Mon corps avait été recouvert de ce que, je crois devais être ma cape. La peau de mes bras me tirait par endroit à cause du sang coagulé collé dessus. Je sentais aussi le contact piquant de l'air sur ma chair blessée, ainsi que celui du tissu rêche contre mes blessures que je devais sûrement avoir sur le ventre et les jambes. Avec une grande inspiration, j'attrape du bout des doigts le tissu sombre et compte mentalement... je dois vraiment être masochiste...
1...2...et 3 !
D'un coup sec j'enlève l'étoffe de ma peau. Je me mords la lèvre vivement sous la douleur sourde qui envahit mon buste et mon ventre. Je sens immédiatement le goût du sang sur ma langue... Et merde... je me suis rouvert la lèvre en plus de ça... Je déglutis ravalant le chapelet de doux mots d'oiseaux qui se battent contre mes dents serrées... J'ai toujours eu tendance à jurer dans les moments critiques... manque d'éducation ? Peut être bien que oui... Comment ça vous le saviez ? Je vous crotte puis-ce que c'est comme ça.
Une longue plaie étroite déchire mon ventre juste au-dessus du nombril, plusieurs bleus recouvrent ma poitrine et mon ventre ainsi que le reste de mon corps comme je m'y attendais. Je respire fort dans l'espoir de faire passer la douleur... c'est toujours ça de pris. Je dois faire peur à voir...
« Mais qu'est-ce que vous croyez faire ?! Rallongez vous immédiatement ! » couine une voix haut perchée.

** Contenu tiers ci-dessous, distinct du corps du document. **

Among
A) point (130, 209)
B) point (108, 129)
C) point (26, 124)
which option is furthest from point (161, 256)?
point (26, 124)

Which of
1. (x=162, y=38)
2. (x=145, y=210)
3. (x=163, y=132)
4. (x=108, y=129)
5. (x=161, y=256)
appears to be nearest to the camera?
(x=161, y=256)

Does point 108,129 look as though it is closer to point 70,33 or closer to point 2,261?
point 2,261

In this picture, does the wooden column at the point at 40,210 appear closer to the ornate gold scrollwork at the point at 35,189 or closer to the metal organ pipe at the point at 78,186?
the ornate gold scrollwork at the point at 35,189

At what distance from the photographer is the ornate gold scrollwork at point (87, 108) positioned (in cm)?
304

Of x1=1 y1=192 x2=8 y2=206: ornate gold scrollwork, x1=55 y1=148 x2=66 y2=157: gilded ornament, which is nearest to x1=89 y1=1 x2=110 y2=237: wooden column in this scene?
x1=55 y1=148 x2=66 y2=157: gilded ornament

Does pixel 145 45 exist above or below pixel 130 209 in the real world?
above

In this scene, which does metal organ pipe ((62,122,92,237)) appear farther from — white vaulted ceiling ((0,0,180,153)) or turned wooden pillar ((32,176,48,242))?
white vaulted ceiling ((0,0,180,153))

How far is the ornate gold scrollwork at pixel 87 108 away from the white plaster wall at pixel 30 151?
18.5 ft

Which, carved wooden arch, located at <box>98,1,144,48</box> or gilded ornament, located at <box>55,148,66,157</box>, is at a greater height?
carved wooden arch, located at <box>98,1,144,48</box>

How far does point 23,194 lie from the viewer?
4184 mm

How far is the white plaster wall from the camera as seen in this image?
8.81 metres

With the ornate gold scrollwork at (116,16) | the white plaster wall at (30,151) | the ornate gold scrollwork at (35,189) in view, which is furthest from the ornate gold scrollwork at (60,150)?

Mrs Pomfresh surgit alors de nulle part et me propulse littéralement sur mon lit avant de me recouvrir de décoctions et de potions diverses qui ont toutes pour effet – outre avoir une odeur de merde et de me donner envie de plonger mon nez dans un paquet de bonbon au caramel- de parcourir mon corps de fourmillements dérangeants. Elle recouvre ensuite mes plus grosses plaies de pommade, elles-mêmes recouvertes de longues bandes blanches. Sans plus me laisser le temps de souffler elle me fait passer un pyjama rayé bleu et blanc d'un goût plus que douteux.
Elle me laisse enfin reculant de quelques pas. Je cligne des yeux. Eh ben.. ça c'est du soin express... il s'est passé quoi là exactement ? Je ne suis pas sur d'avoir tout bien saisit...
« Bon matin Miss Snape ! Est-ce que vous allez bien ? »
Cette voix calme et malicieuse ne peut appartenir qu'à une seule personne dans toute cette fichue école : Dumbledore. Le vieil homme est planté au pied de mon lit, dans une somptueuse robe d'un divin jaune poussin parsemé de magnifiques croissants de lunes violets vif d'un goût tout à fait exquis qui me donne immédiatement envie de me crever les yeux avec la baguette la plus proche. Ses yeux bleus luisent d'une lueur étrange sur laquelle je ne souhaite pas m'attarder plus que ça... Sa main viens gentiment se déposer sur ma jambe à travers le drap quelques secondes avant de la retirer tout aussi rapidement. Tant mieux, autrement je l'aurais enlever moi même, parce que, le poids de sa main pile sur ma blessure... sympa Dumby mais je m'en serais passée sur ce coup là... je suis sur qu'il l'a fait exprès l'allumé du bulbe.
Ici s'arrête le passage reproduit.